Hoy hemos conocido a
través de un medio de comunicación de toda solvencia que cada mes y durante
aproximadamente unos veinte años un ciudadano anónimo que responde a las siglas
de J.L. retiraba con regularidad de una ventanilla de una sucursal de Bankia un
sobre blanco que, al parecer, contenía cada vez distintas cantidades de dinero
procedentes de otras tantas comisiones dedicadas a la supuesta financiación de
las muchas campañas del Partido Popular organizadas durante las elecciones. La
noticia, por su carácter estrictamente anecdótico, resulta de lo más
interesante por cuanto y según el personaje sus cobros fueron logrados como
consecuencia de un cúmulo de casualidades que nada tenían que ver con la
verdadera intención que lo llevó aquel primer día hasta la sede de Bankia en
Madrid.
Madrid, 2 de Julio de
1996
J.L, residente en
Barcelona pero de vacaciones aquel verano en Madrid, dirigió sus pasos hacia la
sucursal de Bankía más próxima a su domicilio. Atravesó el vestíbulo y esperó
su turno ante la raya amarilla trazada sobre el brillante suelo de la entidad.

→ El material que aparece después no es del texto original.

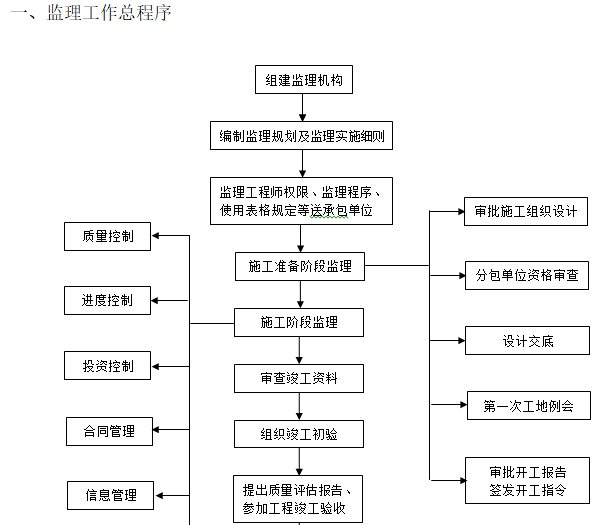 建筑工程监理内业资料全套范本（313页）-监理工作总程序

Como quiera que ningún empleado le llamara, impaciente decidió acercarse al
mostrador y preguntar en tono jocoso al cajero de turno:
-¿Tenemos para rato?
-Algo hay, -contestó el
cajero sin apartar la mirada de la pantalla encendida del ordenador-
-¿Mucho? –inquirió
sonriente J.L.
-¡Cuatro meses!
-contestó el empleado mientras le extendía sobre el mostrador un sobre blanco
con membrete en el que podía leerse sin dificultad Rolls Royce, escrito con
rotulador a grandes y gruesos caracteres de color negro.
La intención de J.L. al
llegar a ventanilla no era precisamente aquella primera inicial pero su
curiosidad pudo mucho más que la necesidad del momento por lo que decidió
volver sobre sus pasos y abandonar el Banco definitivamente. Una vez en el
exterior buscó refugio de la cegadora luz de la mañana cobijándose al amparo de
la sombra que le proporcionaba un gigantesco platanero del paseo. Levantó la
solapa del sobre y en su interior descubrió cuatro mil euros en ocho billetes
de quinientos. No le cabía duda de que, sin pretenderlo en absoluto, había dado
con una contraseña secreta establecida que le habría facilitado en el futuro el
cobro inmediato de ciertas comisiones previstas por alguien interesado a través
de aquella fraudulenta entidad bancaria.
Atando cabos sueltos
llegó a la conclusión de que la contraseña pactada pudo haber sido,
precisamente, aquella primera frase que articulara al principio, fruto de la
casualidad, frente a la ventanilla del cajero: ¿Tenemos para Rato? Con toda
seguridad, el empleado, de su propia cosecha, habría interpretado la inicial de
“rato” con la mayúscula que corresponde a todos los nombres propios y el
milagro se habría obrado en su presencia. Los meses que según el cajero
declaraba de espera, se corresponderían así mismo con el número de miles de
euros depositados en el interior del sobre. Y por último, si a ello se le suma
que las iniciales de Rolls Royce son dos erres, podrían muy bien resultar éstas
la clave que encerrara la auténtica identidad de Rodrigo Rato. Como
consecuencia de todo ello, J.L. se habría convertido por error y sin quererlo
en su correo, lucrándose así en su propio beneficio durante veinte años.